Operation Backlog Completion 2024
Oct 132023
 

Last month, we talked about the announcement of a Dementium: The Ward remaster for the Nintendo Switch.

At the time, I said that as part of this October’s celebration of spooky games, I might play either that or the 3DS version I already had. Well, I decided to play the 3DS version, Dementium Remastered.

My first thought upon starting up Dementium was, “Oh, this game will benefit from having a right stick to control the camera,” since camera controls were otherwise relegated to either the face buttons or the touchscreen on my old 3DS. Nevertheless, I eventually got used to using the stylus to aim.

You also use the stylus to write notes in your notebook, and that’s one of its best features. I loved actually writing down notes about puzzles, lock combinations, etc. in the notebook, so it’s a shame that mechanic is presumably cut from the new remaster. It’s a small touch, but one that makes the game feel a bit more unique.

Combat in Dementium plays like a first-person shooter, with several weapons you obtain along the way. You can’t hold a flashlight and a weapon at the same time, so a considerable amount of tension is added from needing to quickly switch to a weapon when you see an enemy approaching. I found it beneficial to avoid certain enemies, especially since you can only use healing items right when you find them.

Bosses are especially dangerous. Without being able to bring healing items to a boss fight with you, you really need to stay alert. One boss fight was so frustrating it nearly soured my view on the whole game.

Click for Dementium boss spoilers
I’m talking about the wheelchair boss, of course. I looked up a guide, only to find advice that seemingly didn’t work in the 3DS version, and the only other major piece of advice was to look up the code for obtaining the sniper rifle to get it earlier than you should. I finally beat him by adopting a very aggressive approach of shooting him and chasing after him instead of playing it safe, but it was a very frustrating fight.
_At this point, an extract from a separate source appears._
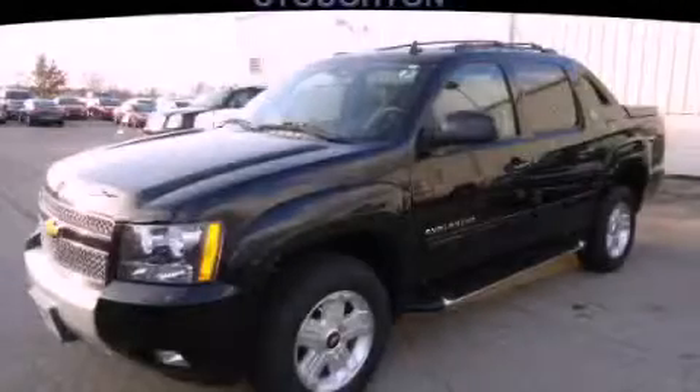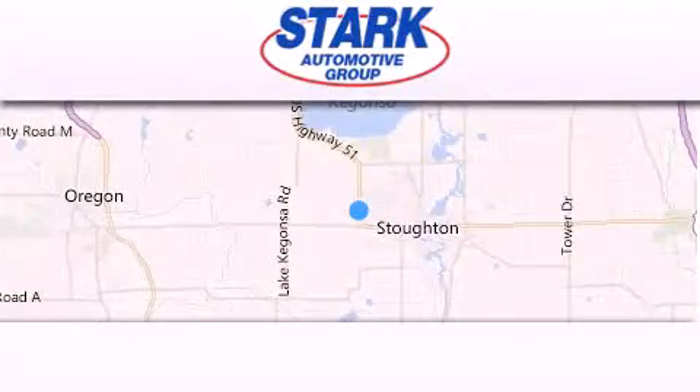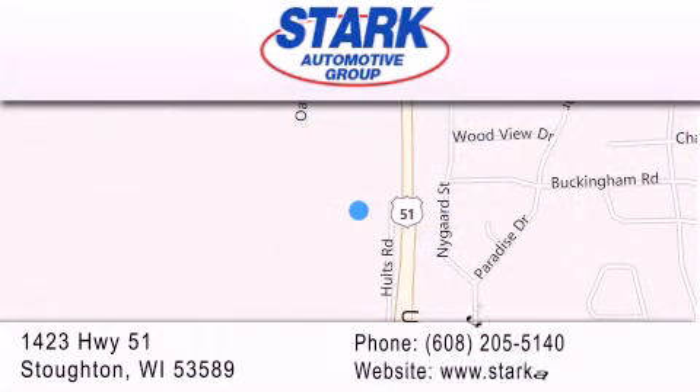Contact us today to arrange your test drive. Stark Automotive is located at 1423 Highway 51 in Stauffton. Our goal is to exceed all of your expectations to ensure that you'll return for future visits.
Dementium is split into chapters, and the chapters are pretty much separate from one another. At first, I assumed I would be revisiting areas often, but that’s not the case. Backtracking is minimal and mostly occurs within the same chapter. You might see a locked box at the start of a chapter, and then spend the chapter finding what you need in order to unlock it, before moving on to a different area for the next chapter.

The backtracking can be somewhat annoying, though, because the map doesn’t mark blocked hallways. It was common for me to follow what looked like a path back to where I wanted to return to, only to find it blocked and need to take a long way around.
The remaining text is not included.